# Action item:
Print exactly the line that contains "Stephen Hurrell - Facebook", then every following line through the end of the material; include nothing else and no pictures.
------------------------------------
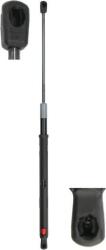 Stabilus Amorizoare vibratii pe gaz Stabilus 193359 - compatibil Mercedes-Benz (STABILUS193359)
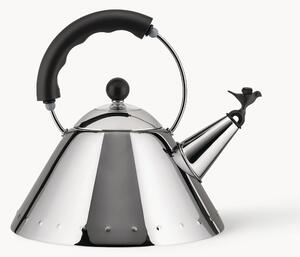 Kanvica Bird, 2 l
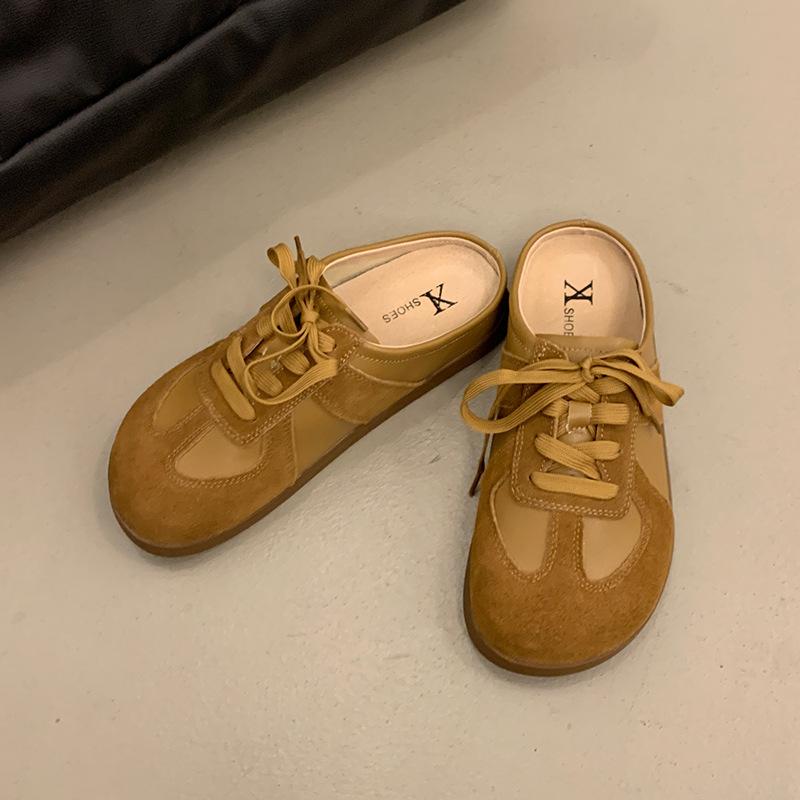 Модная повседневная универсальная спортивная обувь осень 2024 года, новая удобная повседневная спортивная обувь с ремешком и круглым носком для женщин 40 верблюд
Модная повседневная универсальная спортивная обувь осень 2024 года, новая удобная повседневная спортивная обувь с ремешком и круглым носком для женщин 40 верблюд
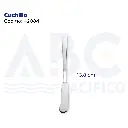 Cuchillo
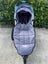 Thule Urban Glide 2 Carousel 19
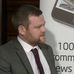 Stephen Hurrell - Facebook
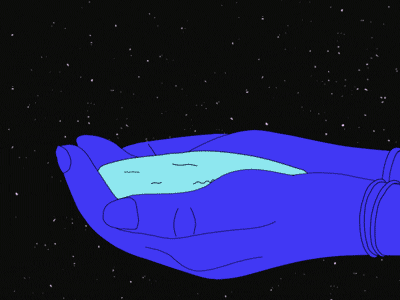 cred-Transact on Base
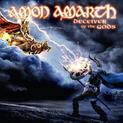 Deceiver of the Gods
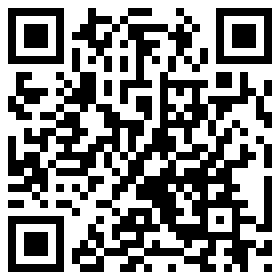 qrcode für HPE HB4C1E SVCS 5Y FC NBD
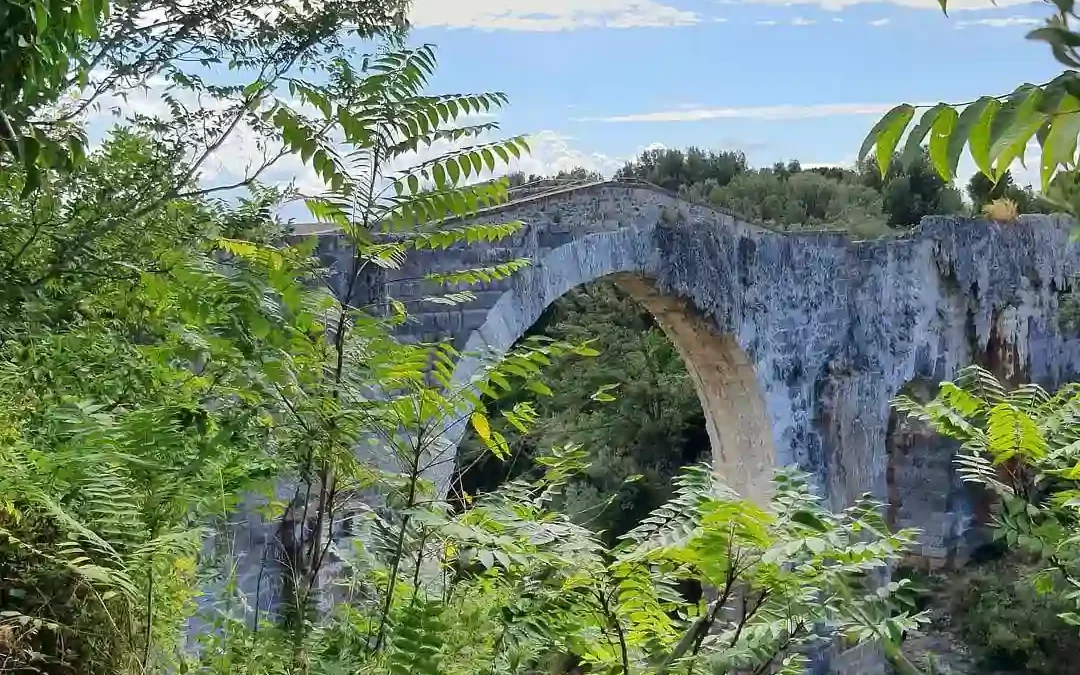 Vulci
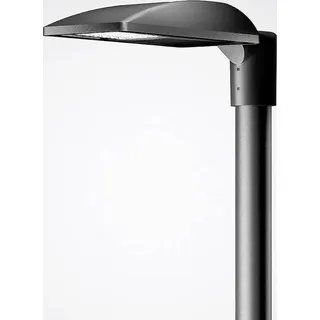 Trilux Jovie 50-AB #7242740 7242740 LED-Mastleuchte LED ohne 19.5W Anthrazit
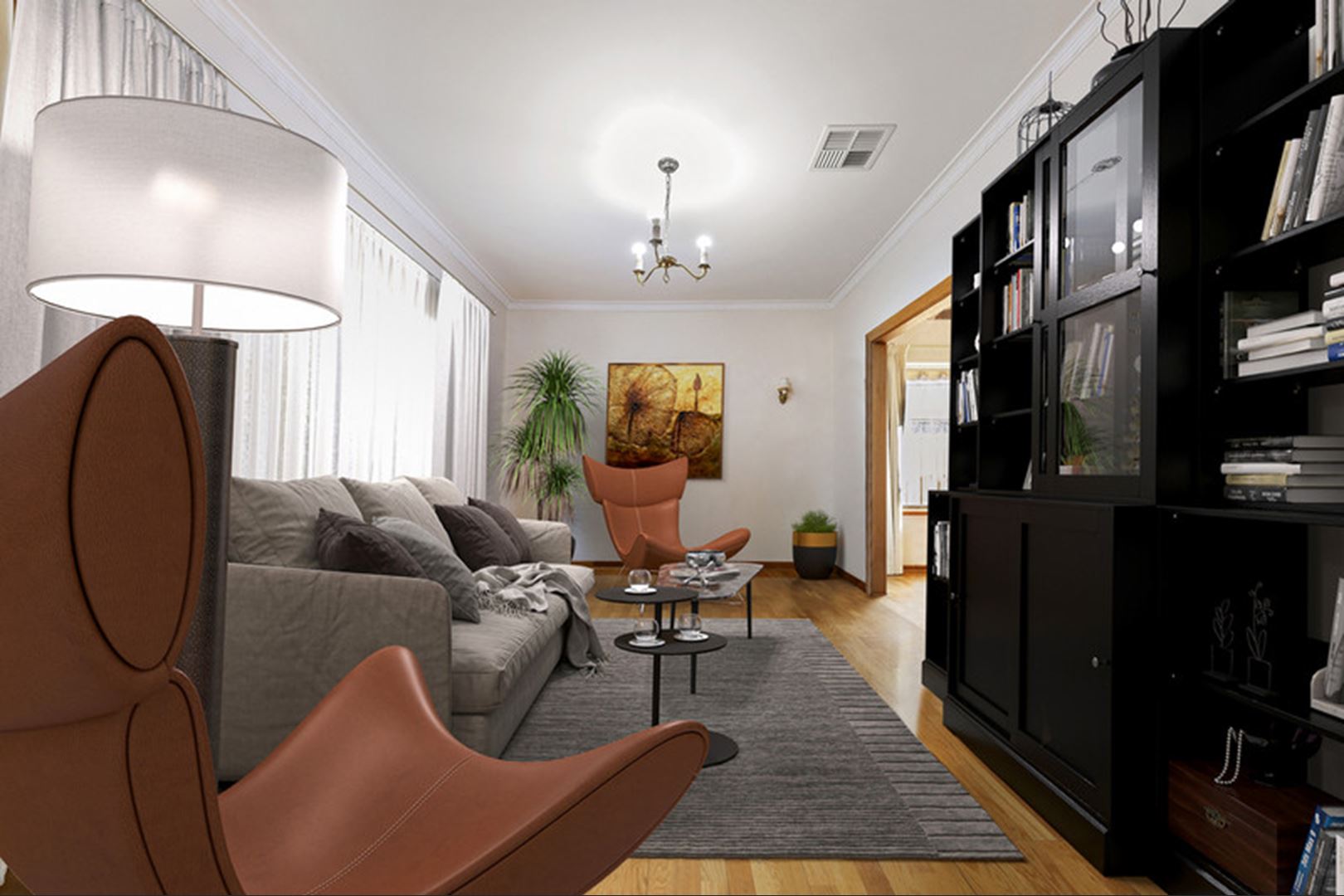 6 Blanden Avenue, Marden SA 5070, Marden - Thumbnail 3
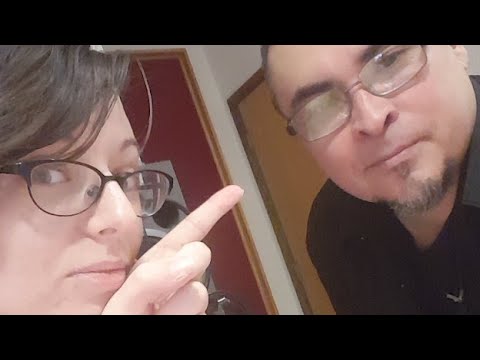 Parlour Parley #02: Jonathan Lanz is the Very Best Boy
------------------------------------
# Result of the exercise:
 Stephen Hurrell - Facebook
 cred-Transact on Base
 Deceiver of the Gods
 qrcode für HPE HB4C1E SVCS 5Y FC NBD
 Vulci
 Trilux Jovie 50-AB #7242740 7242740 LED-Mastleuchte LED ohne 19.5W Anthrazit
 6 Blanden Avenue, Marden SA 5070, Marden - Thumbnail 3
 Parlour Parley #02: Jonathan Lanz is the Very Best Boy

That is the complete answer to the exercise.